* **What to do**
Transcribe all records, preserving every character.

* **Data records**

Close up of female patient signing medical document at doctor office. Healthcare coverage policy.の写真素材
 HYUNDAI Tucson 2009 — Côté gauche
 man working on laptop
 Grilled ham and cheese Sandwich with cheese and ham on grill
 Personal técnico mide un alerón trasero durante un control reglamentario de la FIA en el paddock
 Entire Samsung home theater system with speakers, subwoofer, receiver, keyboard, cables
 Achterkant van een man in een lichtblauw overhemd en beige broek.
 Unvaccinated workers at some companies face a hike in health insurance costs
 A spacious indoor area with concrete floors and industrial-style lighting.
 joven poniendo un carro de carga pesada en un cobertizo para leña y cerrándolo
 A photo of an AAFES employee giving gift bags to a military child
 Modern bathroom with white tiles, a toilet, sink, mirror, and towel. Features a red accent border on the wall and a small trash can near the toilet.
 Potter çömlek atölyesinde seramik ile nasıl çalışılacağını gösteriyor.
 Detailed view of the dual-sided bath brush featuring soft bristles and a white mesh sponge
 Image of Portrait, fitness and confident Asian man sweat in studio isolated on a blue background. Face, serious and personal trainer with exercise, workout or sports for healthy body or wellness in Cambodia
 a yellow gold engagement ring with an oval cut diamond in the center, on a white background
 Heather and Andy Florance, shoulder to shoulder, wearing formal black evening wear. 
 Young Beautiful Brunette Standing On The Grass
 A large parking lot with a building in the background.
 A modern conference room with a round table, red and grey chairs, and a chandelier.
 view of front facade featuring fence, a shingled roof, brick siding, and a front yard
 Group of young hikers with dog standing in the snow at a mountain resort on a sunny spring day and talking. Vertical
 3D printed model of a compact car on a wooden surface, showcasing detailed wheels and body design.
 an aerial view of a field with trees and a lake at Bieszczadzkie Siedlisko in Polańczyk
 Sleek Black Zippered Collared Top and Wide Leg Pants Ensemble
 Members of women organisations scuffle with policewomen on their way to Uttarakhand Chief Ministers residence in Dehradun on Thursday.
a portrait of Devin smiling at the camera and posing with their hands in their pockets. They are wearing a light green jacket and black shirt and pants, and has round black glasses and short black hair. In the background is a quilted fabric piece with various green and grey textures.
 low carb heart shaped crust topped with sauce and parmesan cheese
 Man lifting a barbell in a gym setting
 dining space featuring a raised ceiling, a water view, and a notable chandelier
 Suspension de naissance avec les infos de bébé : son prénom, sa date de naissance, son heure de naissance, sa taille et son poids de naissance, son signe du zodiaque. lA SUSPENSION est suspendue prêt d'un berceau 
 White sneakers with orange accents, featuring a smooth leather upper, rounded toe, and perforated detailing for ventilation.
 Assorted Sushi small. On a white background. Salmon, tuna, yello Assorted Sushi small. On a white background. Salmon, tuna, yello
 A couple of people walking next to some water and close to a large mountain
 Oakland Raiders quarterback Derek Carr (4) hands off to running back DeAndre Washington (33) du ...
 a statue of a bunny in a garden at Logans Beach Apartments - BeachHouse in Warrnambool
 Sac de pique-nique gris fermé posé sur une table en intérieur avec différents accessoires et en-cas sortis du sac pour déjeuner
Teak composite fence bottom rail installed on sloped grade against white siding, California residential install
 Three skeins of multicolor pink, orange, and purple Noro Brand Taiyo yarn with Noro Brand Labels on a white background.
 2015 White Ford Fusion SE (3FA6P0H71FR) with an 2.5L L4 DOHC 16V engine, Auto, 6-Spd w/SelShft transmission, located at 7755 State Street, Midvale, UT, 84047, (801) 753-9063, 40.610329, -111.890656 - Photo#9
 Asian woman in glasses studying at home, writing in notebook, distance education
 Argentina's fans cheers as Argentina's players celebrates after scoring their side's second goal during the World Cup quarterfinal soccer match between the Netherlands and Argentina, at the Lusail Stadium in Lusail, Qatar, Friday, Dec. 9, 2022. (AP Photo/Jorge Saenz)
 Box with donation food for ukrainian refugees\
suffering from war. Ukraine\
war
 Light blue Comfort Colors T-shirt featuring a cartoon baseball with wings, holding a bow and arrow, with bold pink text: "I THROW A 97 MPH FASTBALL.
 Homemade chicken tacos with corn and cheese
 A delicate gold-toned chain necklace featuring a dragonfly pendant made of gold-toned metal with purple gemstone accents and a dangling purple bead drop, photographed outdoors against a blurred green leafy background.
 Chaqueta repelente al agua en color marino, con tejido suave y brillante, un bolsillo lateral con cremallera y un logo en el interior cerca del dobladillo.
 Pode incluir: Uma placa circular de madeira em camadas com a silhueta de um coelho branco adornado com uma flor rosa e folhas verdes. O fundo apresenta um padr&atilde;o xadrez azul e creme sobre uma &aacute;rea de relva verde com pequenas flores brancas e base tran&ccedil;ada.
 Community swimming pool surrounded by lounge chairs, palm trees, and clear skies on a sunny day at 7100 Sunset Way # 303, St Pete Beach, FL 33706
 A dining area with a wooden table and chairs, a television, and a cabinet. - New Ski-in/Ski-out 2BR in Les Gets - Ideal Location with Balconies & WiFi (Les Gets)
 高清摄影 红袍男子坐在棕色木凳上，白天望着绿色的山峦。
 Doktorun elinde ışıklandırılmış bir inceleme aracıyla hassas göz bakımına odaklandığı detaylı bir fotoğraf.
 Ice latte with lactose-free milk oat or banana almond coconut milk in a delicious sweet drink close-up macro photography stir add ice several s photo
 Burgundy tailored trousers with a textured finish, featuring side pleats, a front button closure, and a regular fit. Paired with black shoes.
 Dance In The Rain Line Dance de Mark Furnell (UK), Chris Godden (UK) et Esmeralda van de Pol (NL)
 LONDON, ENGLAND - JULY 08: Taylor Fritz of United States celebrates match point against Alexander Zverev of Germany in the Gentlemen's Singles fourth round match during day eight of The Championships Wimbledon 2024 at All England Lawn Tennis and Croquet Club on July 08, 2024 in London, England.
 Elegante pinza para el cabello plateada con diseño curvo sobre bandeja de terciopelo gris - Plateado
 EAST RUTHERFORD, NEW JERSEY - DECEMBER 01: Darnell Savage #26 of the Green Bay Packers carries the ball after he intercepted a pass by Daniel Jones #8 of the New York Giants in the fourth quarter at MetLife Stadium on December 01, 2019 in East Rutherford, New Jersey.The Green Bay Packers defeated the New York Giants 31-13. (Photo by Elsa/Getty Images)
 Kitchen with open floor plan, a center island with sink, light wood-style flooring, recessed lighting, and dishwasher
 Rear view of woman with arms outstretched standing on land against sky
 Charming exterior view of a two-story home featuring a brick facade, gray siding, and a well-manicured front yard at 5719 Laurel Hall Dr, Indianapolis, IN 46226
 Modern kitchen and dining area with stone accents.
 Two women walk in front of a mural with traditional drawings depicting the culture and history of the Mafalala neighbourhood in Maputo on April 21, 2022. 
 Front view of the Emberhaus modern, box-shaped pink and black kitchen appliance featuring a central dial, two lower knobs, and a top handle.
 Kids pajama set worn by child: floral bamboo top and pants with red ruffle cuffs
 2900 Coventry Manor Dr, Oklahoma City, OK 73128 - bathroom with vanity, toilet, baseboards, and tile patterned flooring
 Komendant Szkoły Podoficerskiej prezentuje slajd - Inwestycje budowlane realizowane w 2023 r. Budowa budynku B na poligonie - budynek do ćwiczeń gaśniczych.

* **Problem solution**
Close up of female patient signing medical document at doctor office. Healthcare coverage policy.の写真素材
 HYUNDAI Tucson 2009 — Côté gauche
 man working on laptop
 Grilled ham and cheese Sandwich with cheese and ham on grill
 Personal técnico mide un alerón trasero durante un control reglamentario de la FIA en el paddock
 Entire Samsung home theater system with speakers, subwoofer, receiver, keyboard, cables
 Achterkant van een man in een lichtblauw overhemd en beige broek.
 Unvaccinated workers at some companies face a hike in health insurance costs
 A spacious indoor area with concrete floors and industrial-style lighting.
 joven poniendo un carro de carga pesada en un cobertizo para leña y cerrándolo
 A photo of an AAFES employee giving gift bags to a military child
 Modern bathroom with white tiles, a toilet, sink, mirror, and towel. Features a red accent border on the wall and a small trash can near the toilet.
 Potter çömlek atölyesinde seramik ile nasıl çalışılacağını gösteriyor.
 Detailed view of the dual-sided bath brush featuring soft bristles and a white mesh sponge
 Image of Portrait, fitness and confident Asian man sweat in studio isolated on a blue background. Face, serious and personal trainer with exercise, workout or sports for healthy body or wellness in Cambodia
 a yellow gold engagement ring with an oval cut diamond in the center, on a white background
 Heather and Andy Florance, shoulder to shoulder, wearing formal black evening wear. 
 Young Beautiful Brunette Standing On The Grass
 A large parking lot with a building in the background.
 A modern conference room with a round table, red and grey chairs, and a chandelier.
 view of front facade featuring fence, a shingled roof, brick siding, and a front yard
 Group of young hikers with dog standing in the snow at a mountain resort on a sunny spring day and talking. Vertical
 3D printed model of a compact car on a wooden surface, showcasing detailed wheels and body design.
 an aerial view of a field with trees and a lake at Bieszczadzkie Siedlisko in Polańczyk
 Sleek Black Zippered Collared Top and Wide Leg Pants Ensemble
 Members of women organisations scuffle with policewomen on their way to Uttarakhand Chief Ministers residence in Dehradun on Thursday.
a portrait of Devin smiling at the camera and posing with their hands in their pockets. They are wearing a light green jacket and black shirt and pants, and has round black glasses and short black hair. In the background is a quilted fabric piece with various green and grey textures.
 low carb heart shaped crust topped with sauce and parmesan cheese
 Man lifting a barbell in a gym setting
 dining space featuring a raised ceiling, a water view, and a notable chandelier
 Suspension de naissance avec les infos de bébé : son prénom, sa date de naissance, son heure de naissance, sa taille et son poids de naissance, son signe du zodiaque. lA SUSPENSION est suspendue prêt d'un berceau 
 White sneakers with orange accents, featuring a smooth leather upper, rounded toe, and perforated detailing for ventilation.
 Assorted Sushi small. On a white background. Salmon, tuna, yello Assorted Sushi small. On a white background. Salmon, tuna, yello
 A couple of people walking next to some water and close to a large mountain
 Oakland Raiders quarterback Derek Carr (4) hands off to running back DeAndre Washington (33) du ...
 a statue of a bunny in a garden at Logans Beach Apartments - BeachHouse in Warrnambool
 Sac de pique-nique gris fermé posé sur une table en intérieur avec différents accessoires et en-cas sortis du sac pour déjeuner
Teak composite fence bottom rail installed on sloped grade against white siding, California residential install
 Three skeins of multicolor pink, orange, and purple Noro Brand Taiyo yarn with Noro Brand Labels on a white background.
 2015 White Ford Fusion SE (3FA6P0H71FR) with an 2.5L L4 DOHC 16V engine, Auto, 6-Spd w/SelShft transmission, located at 7755 State Street, Midvale, UT, 84047, (801) 753-9063, 40.610329, -111.890656 - Photo#9
 Asian woman in glasses studying at home, writing in notebook, distance education
 Argentina's fans cheers as Argentina's players celebrates after scoring their side's second goal during the World Cup quarterfinal soccer match between the Netherlands and Argentina, at the Lusail Stadium in Lusail, Qatar, Friday, Dec. 9, 2022. (AP Photo/Jorge Saenz)
 Box with donation food for ukrainian refugees\
suffering from war. Ukraine\
war
 Light blue Comfort Colors T-shirt featuring a cartoon baseball with wings, holding a bow and arrow, with bold pink text: "I THROW A 97 MPH FASTBALL.
 Homemade chicken tacos with corn and cheese
 A delicate gold-toned chain necklace featuring a dragonfly pendant made of gold-toned metal with purple gemstone accents and a dangling purple bead drop, photographed outdoors against a blurred green leafy background.
 Chaqueta repelente al agua en color marino, con tejido suave y brillante, un bolsillo lateral con cremallera y un logo en el interior cerca del dobladillo.
 Pode incluir: Uma placa circular de madeira em camadas com a silhueta de um coelho branco adornado com uma flor rosa e folhas verdes. O fundo apresenta um padr&atilde;o xadrez azul e creme sobre uma &aacute;rea de relva verde com pequenas flores brancas e base tran&ccedil;ada.
 Community swimming pool surrounded by lounge chairs, palm trees, and clear skies on a sunny day at 7100 Sunset Way # 303, St Pete Beach, FL 33706
 A dining area with a wooden table and chairs, a television, and a cabinet. - New Ski-in/Ski-out 2BR in Les Gets - Ideal Location with Balconies & WiFi (Les Gets)
 高清摄影 红袍男子坐在棕色木凳上，白天望着绿色的山峦。
 Doktorun elinde ışıklandırılmış bir inceleme aracıyla hassas göz bakımına odaklandığı detaylı bir fotoğraf.
 Ice latte with lactose-free milk oat or banana almond coconut milk in a delicious sweet drink close-up macro photography stir add ice several s photo
 Burgundy tailored trousers with a textured finish, featuring side pleats, a front button closure, and a regular fit. Paired with black shoes.
 Dance In The Rain Line Dance de Mark Furnell (UK), Chris Godden (UK) et Esmeralda van de Pol (NL)
 LONDON, ENGLAND - JULY 08: Taylor Fritz of United States celebrates match point against Alexander Zverev of Germany in the Gentlemen's Singles fourth round match during day eight of The Championships Wimbledon 2024 at All England Lawn Tennis and Croquet Club on July 08, 2024 in London, England.
 Elegante pinza para el cabello plateada con diseño curvo sobre bandeja de terciopelo gris - Plateado
 EAST RUTHERFORD, NEW JERSEY - DECEMBER 01: Darnell Savage #26 of the Green Bay Packers carries the ball after he intercepted a pass by Daniel Jones #8 of the New York Giants in the fourth quarter at MetLife Stadium on December 01, 2019 in East Rutherford, New Jersey.The Green Bay Packers defeated the New York Giants 31-13. (Photo by Elsa/Getty Images)
 Kitchen with open floor plan, a center island with sink, light wood-style flooring, recessed lighting, and dishwasher
 Rear view of woman with arms outstretched standing on land against sky
 Charming exterior view of a two-story home featuring a brick facade, gray siding, and a well-manicured front yard at 5719 Laurel Hall Dr, Indianapolis, IN 46226
 Modern kitchen and dining area with stone accents.
 Two women walk in front of a mural with traditional drawings depicting the culture and history of the Mafalala neighbourhood in Maputo on April 21, 2022. 
 Front view of the Emberhaus modern, box-shaped pink and black kitchen appliance featuring a central dial, two lower knobs, and a top handle.
 Kids pajama set worn by child: floral bamboo top and pants with red ruffle cuffs
 2900 Coventry Manor Dr, Oklahoma City, OK 73128 - bathroom with vanity, toilet, baseboards, and tile patterned flooring
 Komendant Szkoły Podoficerskiej prezentuje slajd - Inwestycje budowlane realizowane w 2023 r. Budowa budynku B na poligonie - budynek do ćwiczeń gaśniczych.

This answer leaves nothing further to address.